What to do: Using the data below, return word for word every line from the one holding "Blonde woman on" down to the one holding "3102 Glenn Lakes". Leave pictures out.

Extracted information:
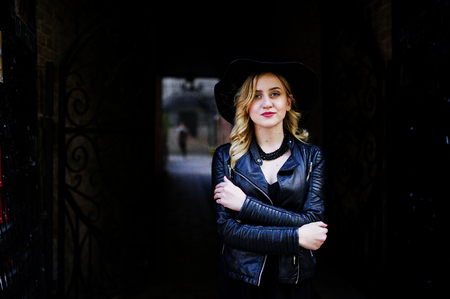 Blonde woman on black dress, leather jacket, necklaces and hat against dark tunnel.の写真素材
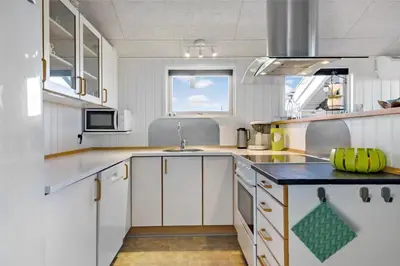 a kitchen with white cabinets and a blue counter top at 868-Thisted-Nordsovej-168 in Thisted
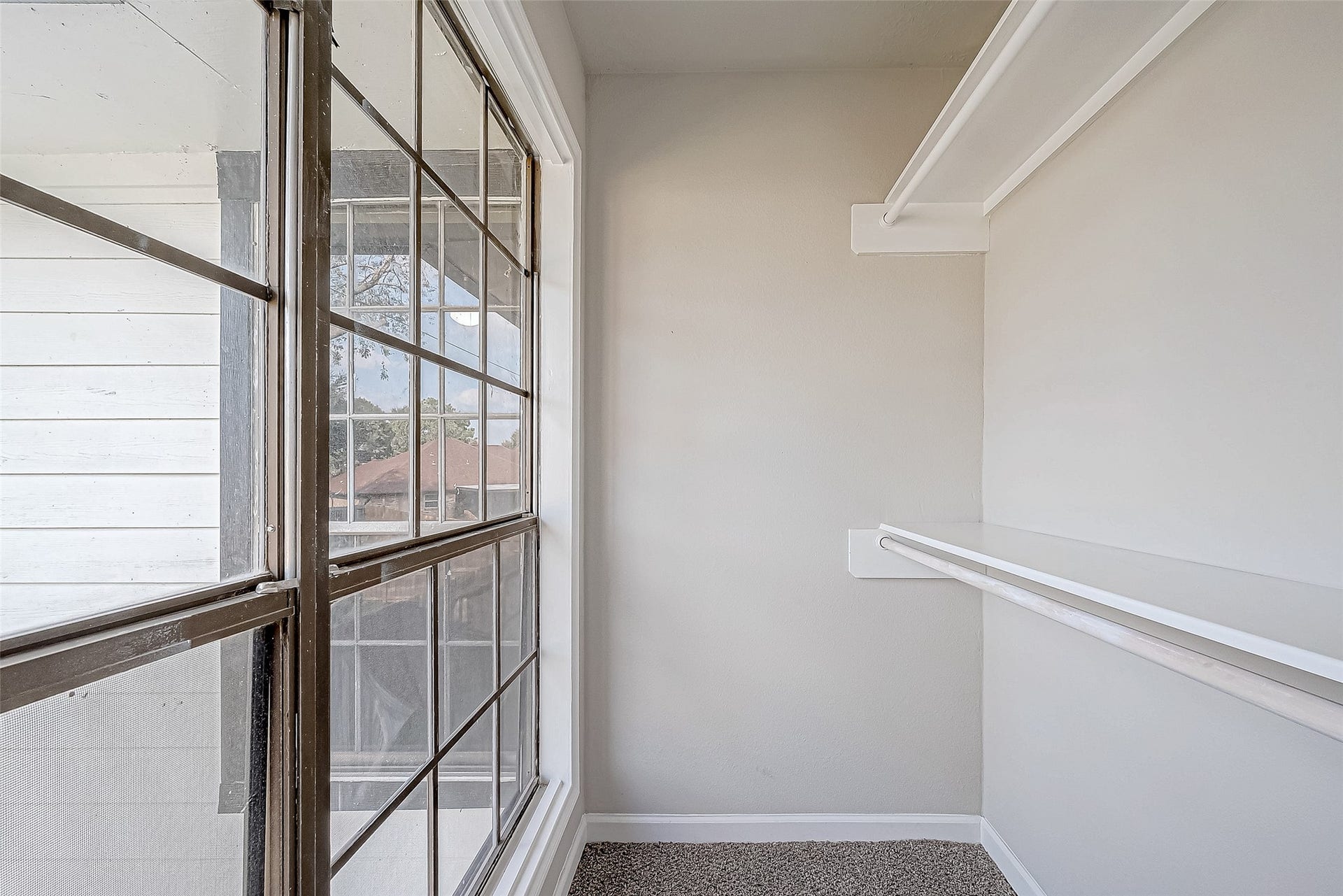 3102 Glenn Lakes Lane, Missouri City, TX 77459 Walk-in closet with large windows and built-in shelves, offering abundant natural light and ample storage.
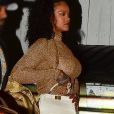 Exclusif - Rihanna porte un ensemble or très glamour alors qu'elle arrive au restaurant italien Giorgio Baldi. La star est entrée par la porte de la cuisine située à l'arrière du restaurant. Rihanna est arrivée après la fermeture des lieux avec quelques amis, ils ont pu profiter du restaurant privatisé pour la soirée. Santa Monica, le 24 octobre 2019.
---
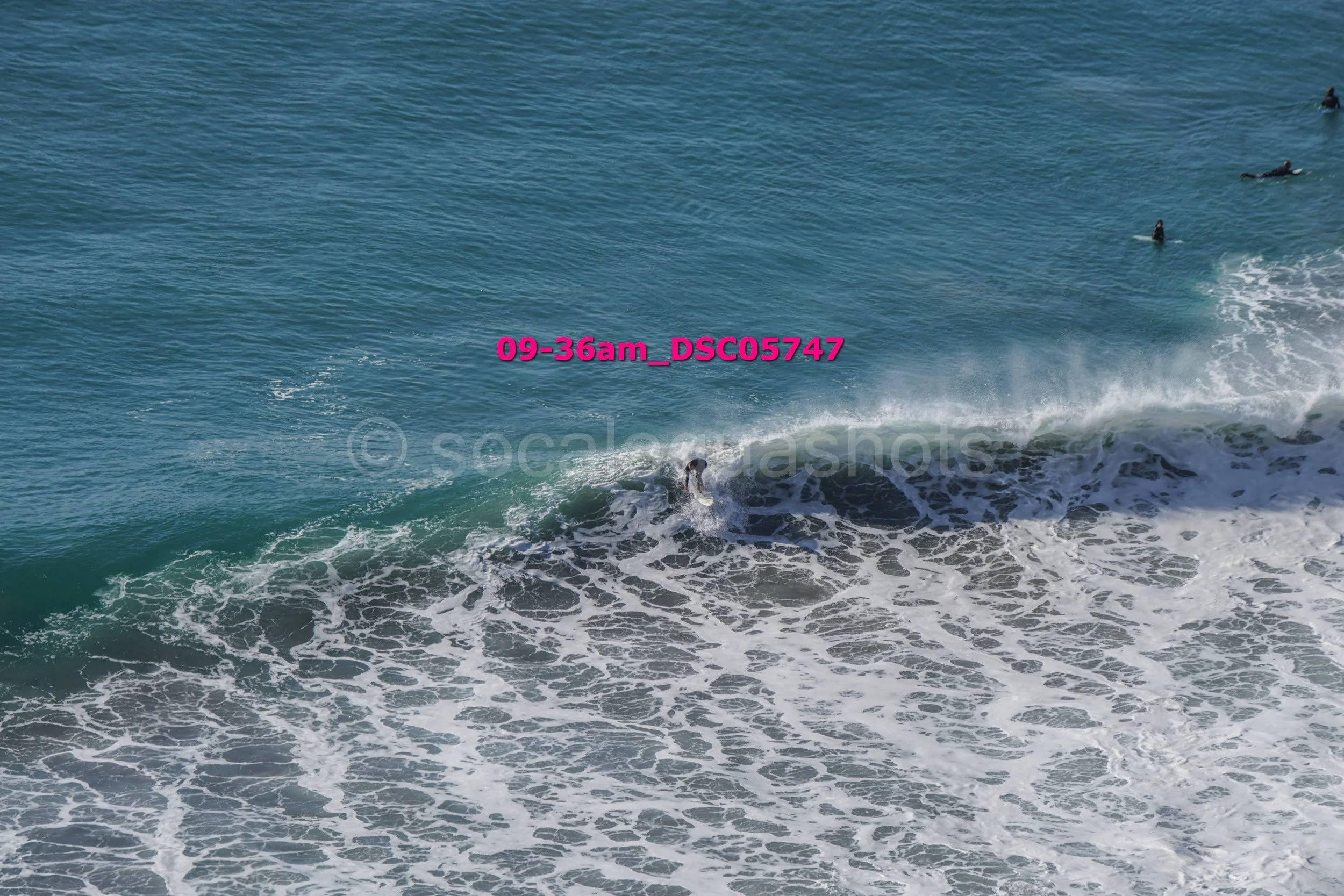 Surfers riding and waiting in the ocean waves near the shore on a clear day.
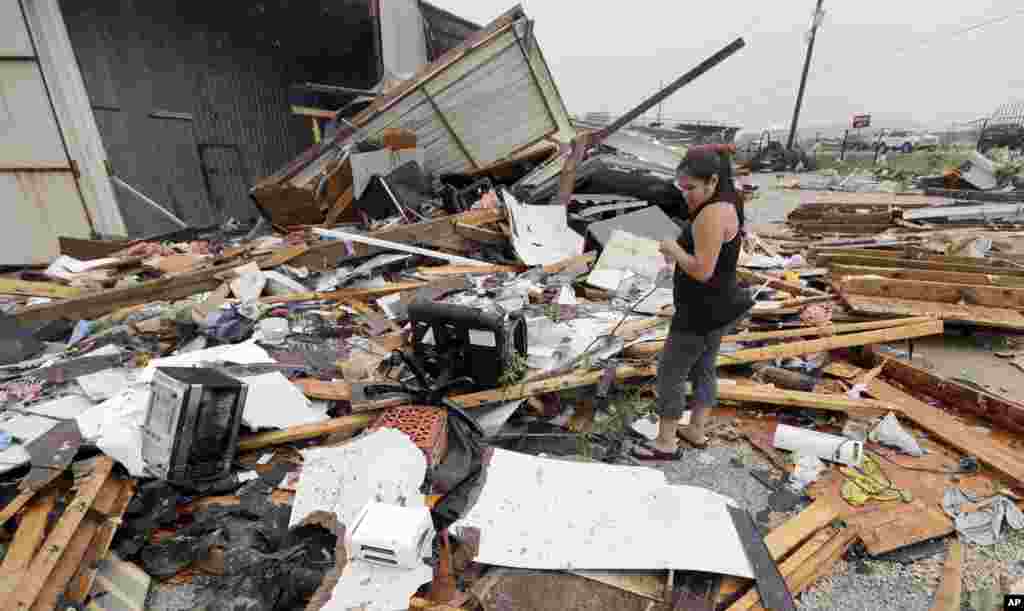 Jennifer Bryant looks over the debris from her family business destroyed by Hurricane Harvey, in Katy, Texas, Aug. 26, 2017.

Response to this exercise:
 Blonde woman on black dress, leather jacket, necklaces and hat against dark tunnel.の写真素材
 a kitchen with white cabinets and a blue counter top at 868-Thisted-Nordsovej-168 in Thisted
 3102 Glenn Lakes Lane, Missouri City, TX 77459 Walk-in closet with large windows and built-in shelves, offering abundant natural light and ample storage.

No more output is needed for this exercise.